综上所述,规则会减少不确定性并因此带来收益,但是制定时依赖更多的信息量,因而立法成本更高昂,而标准给了法官们更多的自由裁量权,但同时带来滥用裁量权和难以预测法律后果的风险,因为依据标准来裁判就意味着法官必须去发现、权衡和比较更多的事实。通过以上的分析,我们可以发现,规则和标准各有优劣,对某一行为应采用何种法律规范形式需要考虑多方变量,例如行为发生的频次、事前或事后观测的成本等。另外,适用规则或标准还需要考虑的是,规则与社会政策之间经常呈现紧张关系,而这些社会政策又偏偏是规则的基础,如果适用规则时不考虑纠纷的具体情况,就无法完美地实现这些社会政策。而标准则可以解决这个问题,即要获得实质正义而不仅仅是形式正义。[20]总之,从经济学的“成本—收益”思路来看,我们在比较规则和标准时要考虑立法成本、执法成本、守法成本及其相应的收益。
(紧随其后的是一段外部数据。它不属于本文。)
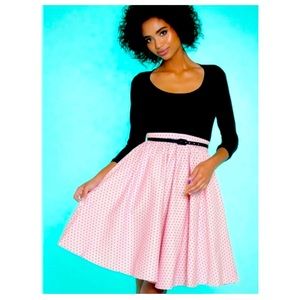 Allison dress black and pink with polka dots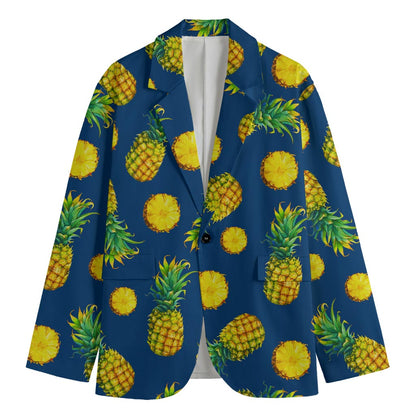 Blue Pineapple Pattern Print Men's Blazer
(三)“法律确定性命题”的演进:从形式主义到实用主义

纵观上述对法学理论发展历程的梳理,我们发现林林总总的诸多理论在另一个区分角度上可以类型化为两种:一种注重的是理念之间的关系,另一种注重的是理念与物理实体之间的关系。前者更关注概念体系的自洽,后者更关注理论的预测力和对现实的解释力,前者在波斯纳的语境中被统称为“形式主义”。[21]法律形式主义(Legal Formalism),在一般意义上来说以克里斯托弗•哥伦布•兰德尔的观点为代表,在“科学仰慕(science envy)”[22]的价值观统摄下,认为法律是一套原则、一套类似于欧几里得几何学一样的关系系统,诸多司法裁断都是少量永存的、不变的、无可争议的法律原则的不完美体现。形式主义最主要的特征是充分信赖自己的前提以及为从前提推出结论而运用的方法(因而,自然法学派和实证分析法学派中都会存在形式主义)。其认为“法律独立于现实世界”,注重的是理念之间的关系,而非理念与物理实体之间的关系。形式主义推到极致则是“认为法律概念之间的关系才是法律和法律思想的精髓”。[23]形式主义法理学想当然地认为法律是中立的、客观的、确定的,可以为疑难案件提供唯一正确的答案。然而,如果忽略了对事实问题的理解和判断这一重要基础,就会使得一个理论易于陷入过多关注规范而缺少描述和解释能力的危险。“形式主义法律思维满足着人们对确定性的追求和对不确定性的厌恶,但也正因此,形式主义法律思维常常造成人们忽视、遗忘甚至刻意排斥、掩盖法律修辞之下的实体判断问题。”[24]法律形式主义对法律这门学科的定位存在偏误,因为社会现实的复杂多变是人类所面临的永恒既定条件,所以我们追求确定性的心愿和现实之间存在着一种永恒的张力,为了缓解这种“认知不谐”——从更深层的心理层面来说,这仍是一种追求确定性的尝试和努力——法学思想史上才出现了诸多观点和派别以致力于研究如何达成这种可能。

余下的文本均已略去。